Our decision resolves three appeals taken by the Honns that we consolidated. We find that the first and third appeals—Court of Appeals Cause Nos. 30620-8-III and 31177-5-III—asked that we review orders from which appeal cannot be taken. For reasons discussed below, then, we dismiss the appeals in those two cases. With respect to Cause No. 30668-2-III, we find no error by the trial court and affirm. We award Garrett Ranches its reasonable attorney fees and costs incurred on appeal.

FACTS AND PROCEDURAL BACKGROUND

In September 2010, Larry Honn Family LLC, whose managers are Larry Honn Sr. and Charlotte Honn, and Garrett Ranches LLC, whose managers are Frank and Joshua Garrett, entered into a farm lease with an option to purchase. The lease provided that the Garretts would lease 2, 008 acres of land from the Honns, 335 acres of which was tillable, for an initial five-year term. The lease included an option to purchase the property for $400,000, exercisable at any time during the lease upon 30 days' written notice. In the event of exercise, the lease provided that "the parties shall execute a Contract of Sale in such form as is attached hereto as Exhibit 'A.'" Clerk's Papers (CP) at 15. Although the lawyer who drafted the lease attached a form contract of sale to the lease as its exhibit A, the contract became detached during the circulation and review process.

Shortly after the lease was executed the Honns repudiated the lease and the option, which the Garretts had expressed the intent to exercise. The lease included an arbitration clause that provided for binding arbitration if "any dispute shall arise between the parties, or with respect to this Lease." CP at 19. The Garretts demanded arbitration and a three-member arbitration panel conducted a hearing in December 2010.

The arbitrators signed an arbitration award on December 28, finding that the lease and option were enforceable.
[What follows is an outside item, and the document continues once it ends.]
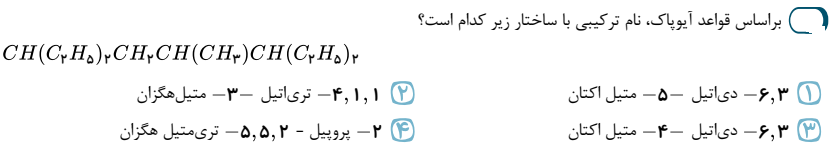 دریافت سوال 30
The award stated that the parties were to mutually agree upon terms of a contract of sale of the property by January 1, 2012, failing which the panel, which reserved jurisdiction, would issue a further award pertaining to the terms of the proposed contract of sale. The Garretts moved to confirm the arbitration award in superior court and in January 2011 the court confirmed this first, 2010 arbitration award. Neither party appealed the order confirming the award.

The parties were unable to reach an agreement on the terms of the contract of sale, so in November 2011 the Garretts again filed notice of arbitration, eventually setting the arbitration hearing for December 22.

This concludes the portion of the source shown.